*Supplied information*.

────────────────

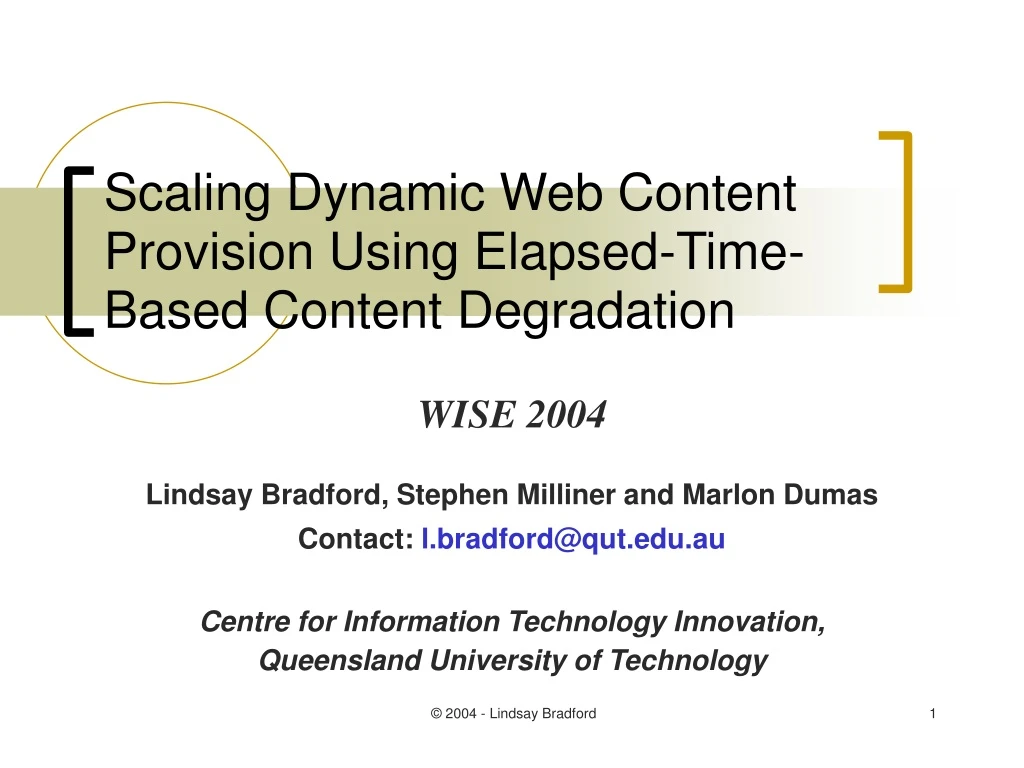 scaling dynamic web content provision using elapsed time based content degradation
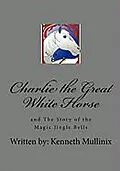 E-Book (epub) Charlie the Great White Horse and the Story of the Magic Jingle Bells von Kenneth Mullinix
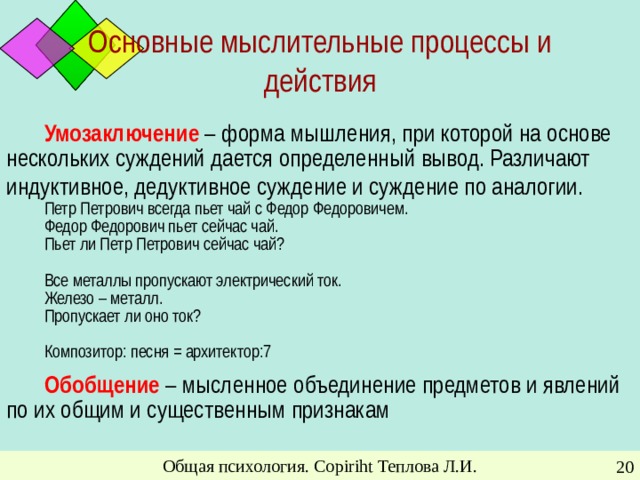 Основные мыслительные процессы и действия Умозаключение – форма мышления, при которой на основе нескольких суждений дается определенный вывод. Различают индуктивное, дедуктивное суждение и суждение по аналогии.  Петр Петрович всегда пьет чай с Федор Федоровичем. Федор Федорович пьет сейчас чай. Пьет ли Петр Петрович сейчас чай? Все металлы пропускают электрический ток. Железо – металл. Пропускает ли оно ток? Композитор: песня = архитектор:7 Обобщение – мысленное объединение предметов и явлений по их общим и существенным признакам Общая психология. Copiriht Теплова Л.И.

────────────────

When you copy the lines above, drop the pictures and keep everything else exact.

 scaling dynamic web content provision using elapsed time based content degradation
 E-Book (epub) Charlie the Great White Horse and the Story of the Magic Jingle Bells von Kenneth Mullinix
 Основные мыслительные процессы и действия Умозаключение – форма мышления, при которой на основе нескольких суждений дается определенный вывод. Различают индуктивное, дедуктивное суждение и суждение по аналогии.  Петр Петрович всегда пьет чай с Федор Федоровичем. Федор Федорович пьет сейчас чай. Пьет ли Петр Петрович сейчас чай? Все металлы пропускают электрический ток. Железо – металл. Пропускает ли оно ток? Композитор: песня = архитектор:7 Обобщение – мысленное объединение предметов и явлений по их общим и существенным признакам Общая психология. Copiriht Теплова Л.И.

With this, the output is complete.